Karena itu, dibutuhkan beberapa upaya agar dapat mengubah pandangan negatif siswa tentang matematika. Antara lain:
  1. Memberikan informasi pengetahuan kepada peserta didik tentang kegunaan matematika secara keseluruhan dalam kehidupan sehari-hari di semua bidang.
  2. Memberikan informasi kepada peserta didik tentang fungsi materi matematika yang akan dipelajarai dalam penyelesaian masalah kehidupan sehari-hari.
  3. Memberikan materi pelajaran matematika dengan menyenangkan, hal tersebut dapat dilakukan dengan memberikan sedikit cerita tentang sejarah ditemukannya materi tersebut sebelum dimulainya pelajaran.
  4. Dalam penyampaian materi sebelum mengenalkan rumus-rumus, terlebih dahulu memberikan permasalahan dalam kehidupan sehari-hari yang berhubungan dengan materi/rumus yang akan disampaikan.
  5. Jika materi yang akan disampaikan menurut ukuran peserta didik termasuk materi yang sulit, maka memberikan materi dan persoalan dengan cara dimulai dari hal yang mudah.
  6. Memberikan materi dengan bahasa yang sederhana dan mudah dipahami peserta didik (tidak bergantung pada bahasa matematika).
Selain guru, pemerintah pun mempunyai peran penting dalam mengubah pandangan siswa tentang matematika.
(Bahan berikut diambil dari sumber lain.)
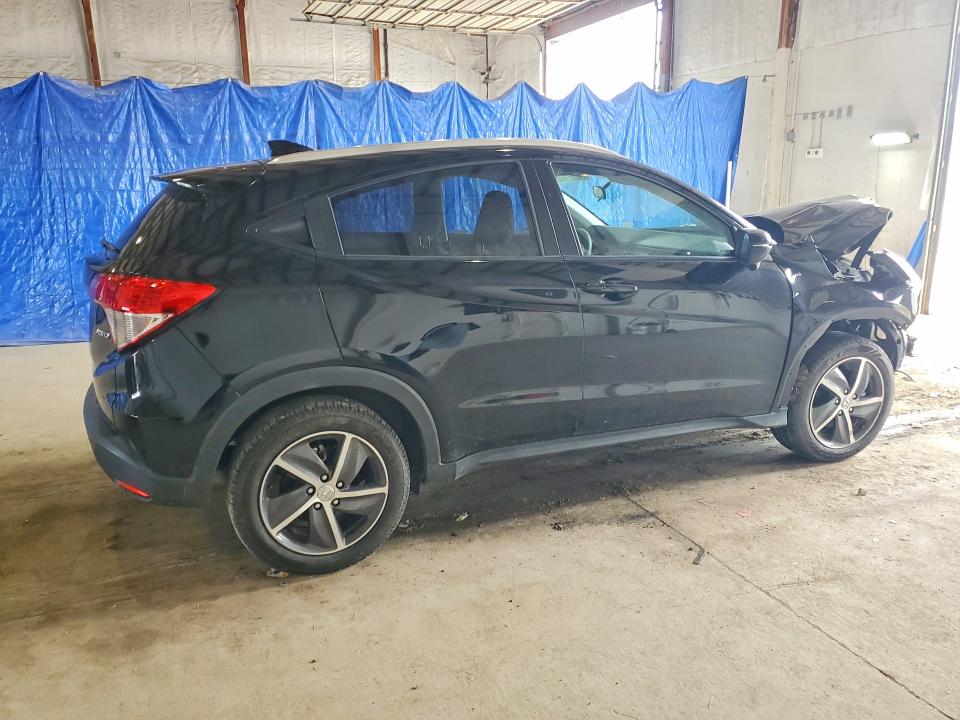 2022 Honda Hr-v მანქანა იყიდება აუქციონზე, vin: 3CZRU6H5XNM762362, აუქციონის ნომერი: 60359666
Agar materi matematika mudah dipahami oleh siswa, pemerintah terutama kementrian pendidikan nasional juga harus ikut berperan, antara lain:
  1. Untuk segera mengevaluasi standar kompetensi pelajaran matematika yang tertuang di dalam standar isi.
  2. Menyesuaikan standar kompetensi pelajaran matematika dengan usia perkembangan peserta didik.
  3. Menyederhanakan materi pelajaran matematika, namun lebih memperdalam kompetensi pelajaran matematika.
Jika hal ini dapat dilakukan pemerintah, maka guru-guru dapat menyampaikan materi pelajaran matematika dengan mengeksplore seluruh kemampuan siswa, dan mengaplikasikan dalam kehidupan sehari-hari melalui media yang memadai.

Jadi, para pejuang matematika apakah akan terus membiarkan paradigma negatif ini berlanjut?